Booklovers ended yet another Midwinter Meeting Monday afternoon sipping tea and dining on finger sandwiches while listening to a group of authors tell stories and read from their works before attendees lined up for autograph copies at the Gala Author Tea, hosted by the Association of Library Trustees, Advocates, Friends, and Foundations.
Former American Libraries Editor and Publisher Leonard Kniffel shared anecdotes and behind-the scene tidbits based on his compilation of interviews during his editorship (Reading with the Stars: A Celebration of Books and Libraries ALA Editions, 2011). Stories included a tale about the unnamed White House staff contact who was a no-show as Kniffel arrived for a talk with then–First Lady Laura Bush because the staffer had overslept, and an unexpected opportunity to talk to Olivia de Havilland during a visit to the American Library in Paris. Kniffel revealed that his favorite interview was with actress and author Jamie Lee Curtis.
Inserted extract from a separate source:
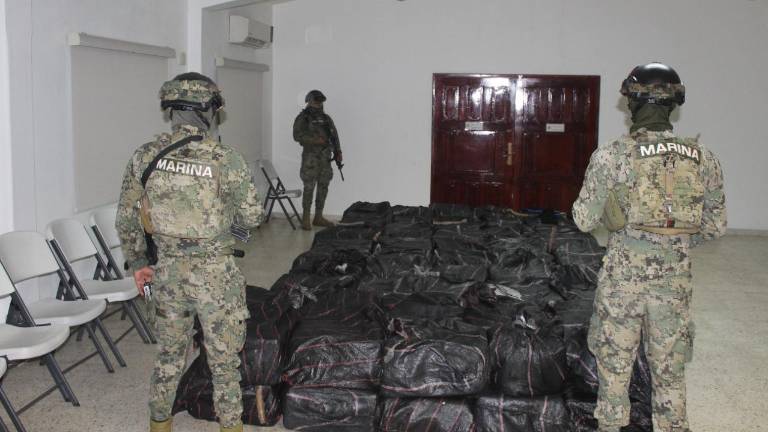 La Secretaría de Marina-Armada de México asegura más de 3 toneladas de clorhidrato de cocaína y aproximadamente 5 mil litros de combustible en el Mar de Cortés.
“Without fail, celebrities who speak out for libraries do so because of a positive experience they had as children and an experience with librarians who instilled a lifetime of reading and learning,” he noted.
“Libraries are my biggest supporters,” said Taylor Stevens (The Innocent, Random House, 2011). “If anyone knows books, it’s librarians.”
Stevens revealed that she was “very under-read” due to being born and raised in a religious cult that deprived her of an education and any books from the outside. “I’m probably the least book-aware person who you’d ever hope to meet.” In an emotional moment, she added, “I never would have thought I’d be here.”
First-time novelist Erin Duffy (Bond Girl, HarperCollins, 2012) said her appearance was “my first trip to any kind of conference like this.”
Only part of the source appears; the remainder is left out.